● **What is being asked**
The line containing "HOOPLE - Oval Magnet" marks the end: quote every line from the start of the records below through it, word for word.

● **Dataset extract**
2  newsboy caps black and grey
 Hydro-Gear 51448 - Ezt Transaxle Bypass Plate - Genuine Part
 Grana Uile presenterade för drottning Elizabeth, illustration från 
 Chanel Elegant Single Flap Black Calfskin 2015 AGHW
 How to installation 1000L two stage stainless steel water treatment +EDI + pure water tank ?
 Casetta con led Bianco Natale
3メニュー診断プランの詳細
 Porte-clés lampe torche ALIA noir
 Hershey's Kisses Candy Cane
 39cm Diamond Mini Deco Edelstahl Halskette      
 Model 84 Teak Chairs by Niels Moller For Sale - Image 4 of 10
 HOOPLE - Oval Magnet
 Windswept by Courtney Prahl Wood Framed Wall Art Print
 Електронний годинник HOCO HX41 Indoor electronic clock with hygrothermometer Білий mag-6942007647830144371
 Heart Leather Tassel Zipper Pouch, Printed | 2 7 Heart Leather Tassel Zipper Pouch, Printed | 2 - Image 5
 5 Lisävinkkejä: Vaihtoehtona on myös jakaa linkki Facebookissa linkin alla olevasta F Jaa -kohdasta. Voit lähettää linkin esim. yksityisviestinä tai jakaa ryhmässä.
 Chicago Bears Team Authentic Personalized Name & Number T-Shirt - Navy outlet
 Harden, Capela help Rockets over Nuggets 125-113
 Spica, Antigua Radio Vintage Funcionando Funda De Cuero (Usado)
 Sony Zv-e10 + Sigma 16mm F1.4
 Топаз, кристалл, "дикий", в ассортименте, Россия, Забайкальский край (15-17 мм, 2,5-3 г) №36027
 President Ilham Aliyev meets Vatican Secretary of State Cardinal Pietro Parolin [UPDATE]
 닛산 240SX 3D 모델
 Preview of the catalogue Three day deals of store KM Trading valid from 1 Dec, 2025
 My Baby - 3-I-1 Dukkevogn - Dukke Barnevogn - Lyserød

● **Answer to this exercise**
2  newsboy caps black and grey
 Hydro-Gear 51448 - Ezt Transaxle Bypass Plate - Genuine Part
 Grana Uile presenterade för drottning Elizabeth, illustration från 
 Chanel Elegant Single Flap Black Calfskin 2015 AGHW
 How to installation 1000L two stage stainless steel water treatment +EDI + pure water tank ?
 Casetta con led Bianco Natale
3メニュー診断プランの詳細
 Porte-clés lampe torche ALIA noir
 Hershey's Kisses Candy Cane
 39cm Diamond Mini Deco Edelstahl Halskette      
 Model 84 Teak Chairs by Niels Moller For Sale - Image 4 of 10
 HOOPLE - Oval Magnet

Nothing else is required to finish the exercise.